THE MUTUAL RELIANCE REVIEW SYSTEM (MRRS)

FOR EXEMPTIVE RELIEF APPLICATIONS

AND

GOODMAN & COMPANY, INVESTMENT COUNSEL LTD.

(the Applicant or Dealer Manager)

 

MRRS DECISION DOCUMENT

Background

The local securities regulatory authority or regulator (the Decision Maker) in each of the Jurisdictions has received an application from the Applicant, the manager or portfolio adviser or both of the mutual funds named in Appendix "A" (the Funds or Dealer Managed Funds) for a decision under section 19.1 of National Instrument 81-102 Mutual Funds (NI 81-102) for:

    • an exemption from subsection 4.1(1) of NI 81-102 (the Investment Restriction) to enable the Dealer Managed Funds to invest in ordinary shares (the Ordinary Shares) of Mirabela Nickel Limited (the Issuer) during the period of distribution for the Offering (as defined below) (the Distribution) and during the 60-day period following the completion of the Distribution (the 60-Day Period) (the Distribution and the 60-Day Period together, the Prohibition Period), notwithstanding that an associate or affiliate of the Dealer Manager acts or has acted as an underwriter in connection with the new issue (the Offering) of Ordinary Shares under a long form prospectus to be filed in each of the provinces of Canada, except Québec (the Requested Relief).

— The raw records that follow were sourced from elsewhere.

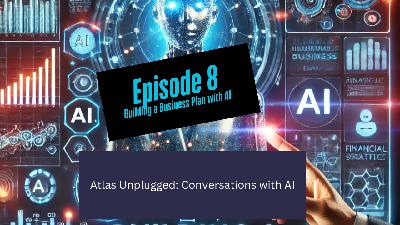 AI Series Episode 8 - Using AI to Build a Business Plan AI Series Episode 8 - Using AI to Build a Business Plan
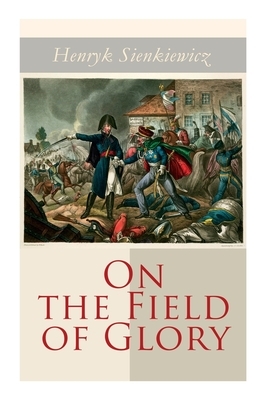 On the Field of Glory: Historical Novel by Jeremiah Curtin, Henryk Sienkiewicz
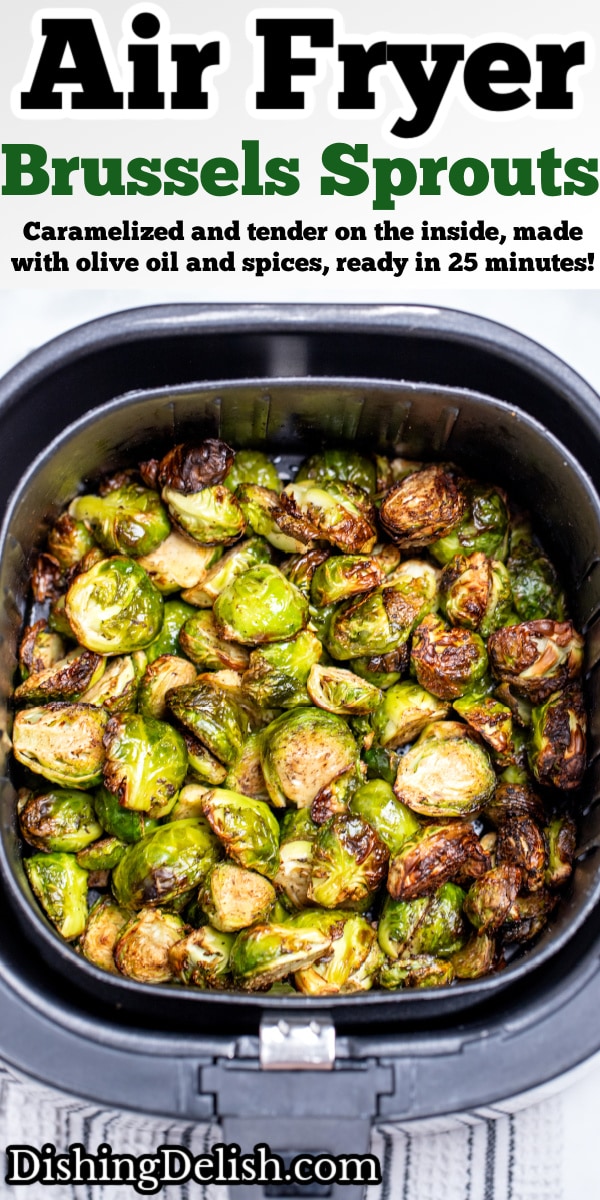 Pinterest pin with an air fryer basket full of fully cooked Brussels sprouts.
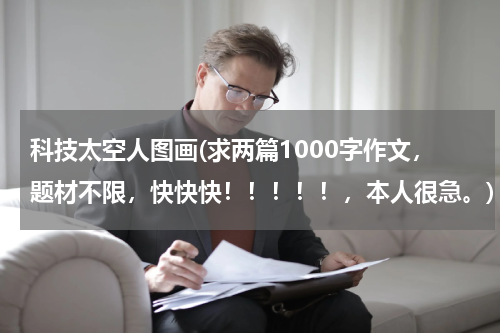 科技太空人图画(求两篇1000字作文，题材不限，快快快！！！！！，本人很急。)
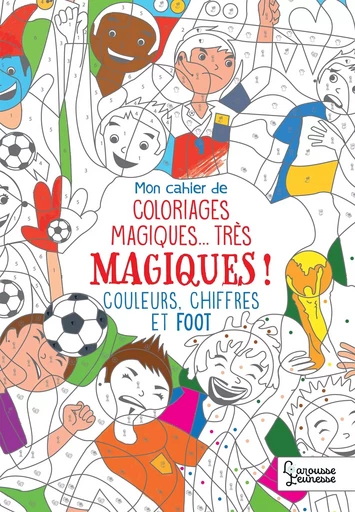 Mon cahier de coloriages magiques Foot -  - LAROUSSE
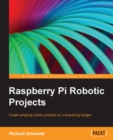 Image for Raspberry Pi robotics projects: create amazing robotic projects on a shoestring budget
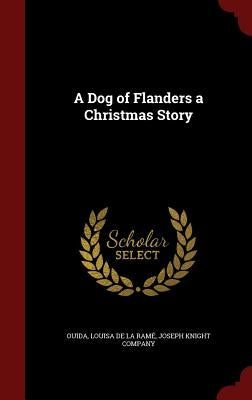 A Dog of Flanders a Christmas Story by Ouida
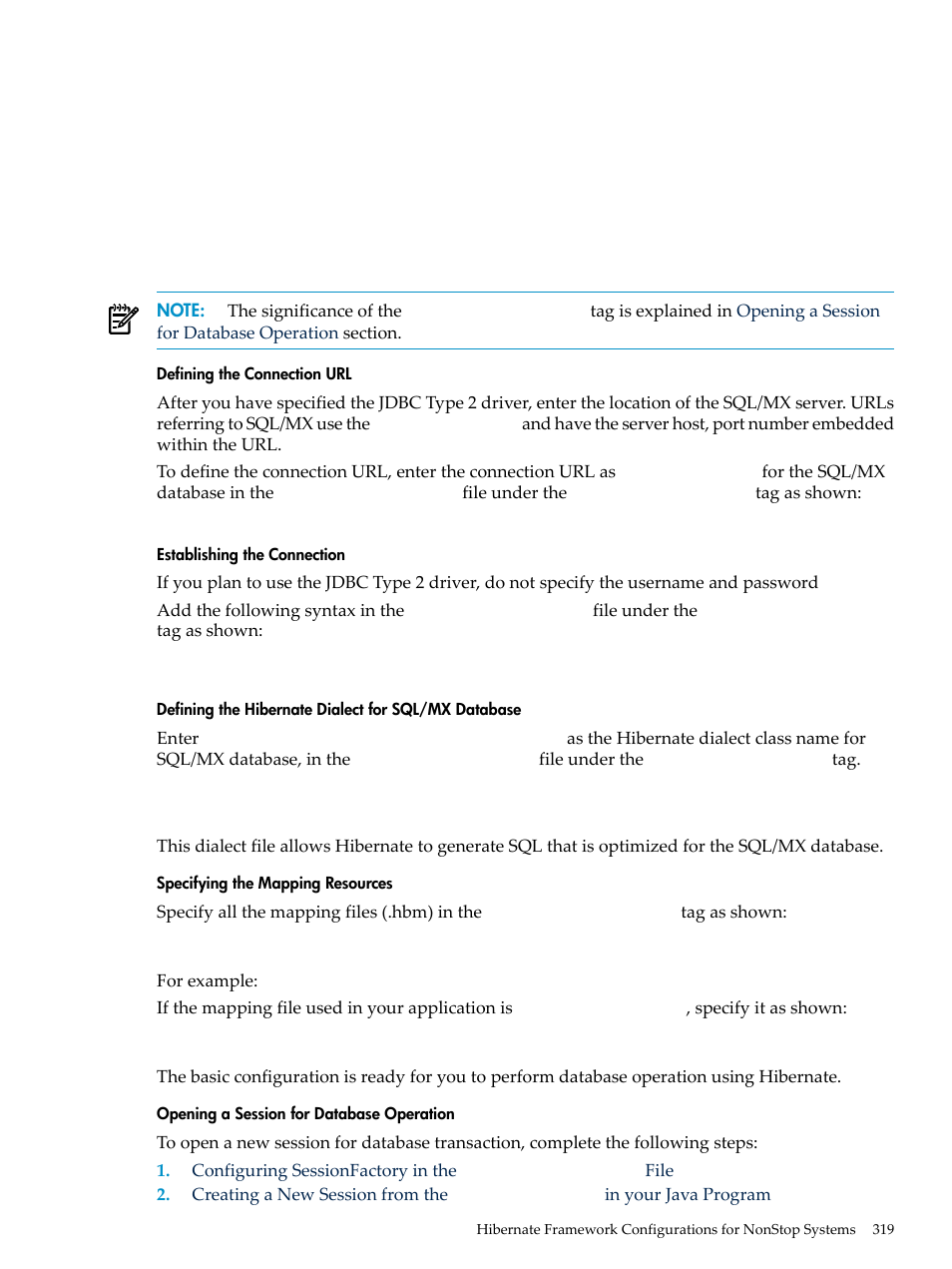 Defining the connection url, Establishing the connection, Defining the hibernate dialect for sql/mx database | Specifying the mapping resources, Opening a session for database operation | HP Integrity NonStop H-Series User Manual | Page 319 / 492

Under the Mutual Reliance Review System for Exemptive Relief Applications:

(a) the Ontario Securities Commission (the OSC) is the principal regulator for this application, and

(b) this MRRS decision document evidences the decision of each Decision Maker.

It is the responsibility of each of the Decision Makers to make a global assessment of the risks involved in granting exemptive relief from the Investment Restriction in relation to the specific facts of each application.

Interpretation

Defined terms contained in National Instrument 14-101 Definitions have the same meanings in this decision unless they are defined in this decision.

Representations

This decision is based on the following facts represented by the Applicant:

1. The Dealer Manager is a "dealer manager" with respect to each Dealer Managed Fund, and each Dealer Managed Fund is a "dealer managed mutual fund", as such terms are defined in section 1.1 of NI 81-102.

2. The head office of the Dealer Manager is in Toronto, Ontario.

3. The securities of the Dealer Managed Funds are qualified for distribution in one or more of the provinces and territories of Canada pursuant to simplified prospectuses that have been prepared and filed in accordance with their respective securities legislation.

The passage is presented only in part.